Van Helsing
December 3, 2010
Van Helsing
Do you love cheese? I mean, really, love the strongest, stinkiest, greenest cheese you can find? How about computer generated special effects? How about Kate Beckinsale? Hugh Jackman? If so, then this might be the movie for you.
Back in the forties there was an attempt to keep milking the classic Universal monster movies with derivative and sub-standard fare like Frankenstein Meets the Wolf Man. Sort of like the Freddy meets Jason movie from a couple years ago. This was just before the monster movie genre degenerated into self satire with the Abbott and Costello meet Frankenstein. Tonight’s movie is a CGI laden “homage” to these lesser monster movies. It is like a cross between the Universal movies of yore and the League of Extraordinary Gentlemen.

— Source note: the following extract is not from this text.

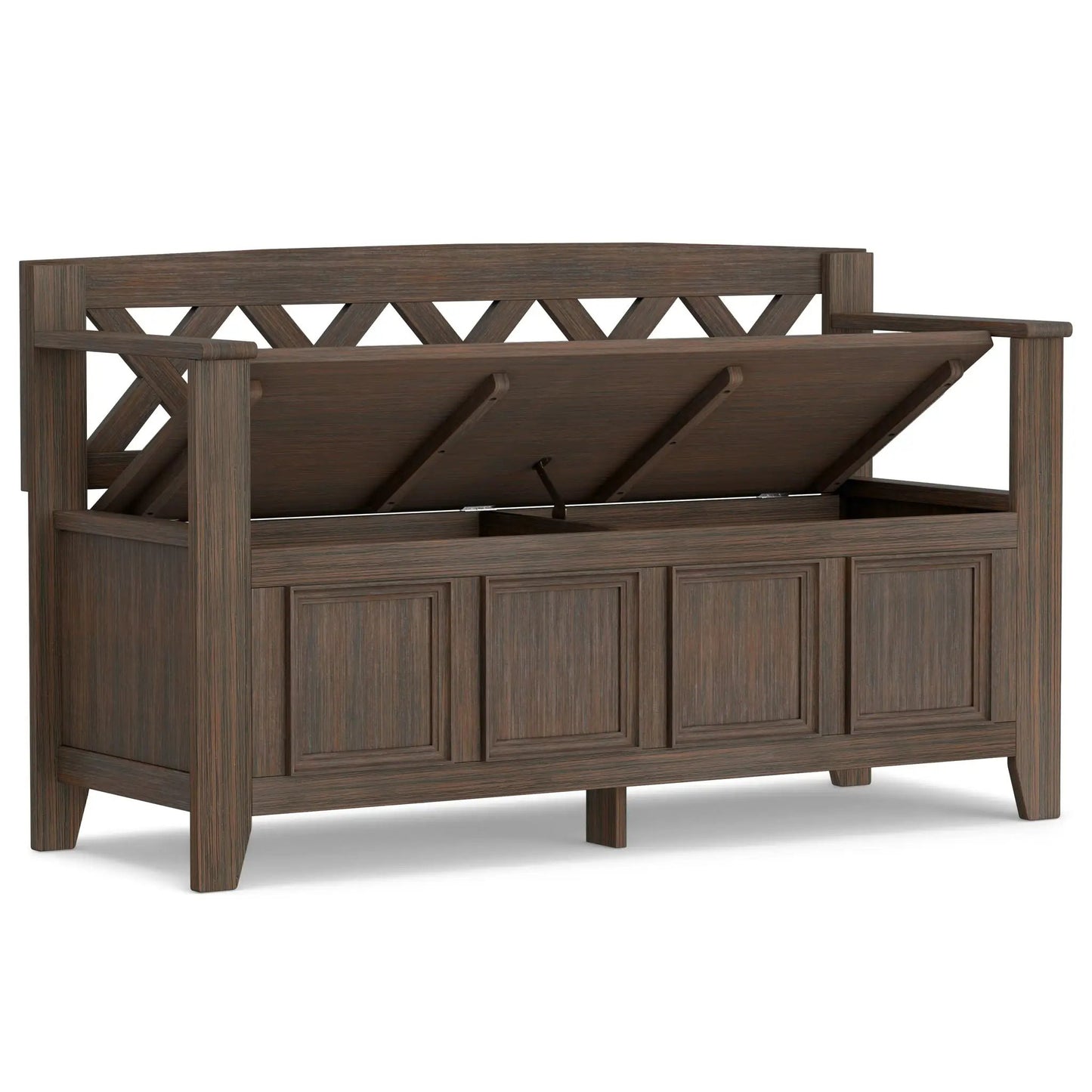 Amherst Handcrafted Entryway Storage Bench wood with lattice back Unique Piece Furniture on Tampa Home & Garden Store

The movie starts with a black and white segment where Dracula kills Dr. Frankenstein as a Transylvanian mob attempts to break into his castle. Frankenstein’s monster has apparently been commissioned by Dracula for some nefarious end in this strange mashup universe. We don’t learn more about that purpose for a little while because once the monster escapes from Dracula’s castle we cut to Notre Dame, where we meet our hero.
The Gabriel Van Helsing of this movie is not to be confused with Abraham Van Helsing, the vampire hunter from Bram Stoker’s novel. This Van Helsing is also a vampire hunter, but that and the name are about the extent of the similarity. Gabriel, for one thing, is a monster hunter and assassin in the employ of the Vatican. Being as he is played by Hugh Jackman Gabriel also has Wolverine-like memory problems and doesn’t really know anything about his own past. We join him at the start of the movie as he is hunting the nefarious Mr. Hyde – who here is a colossal digital creature with the first of a long series of ridiculous accents. (It’s at this point that the LXG vibe really begins to take over.)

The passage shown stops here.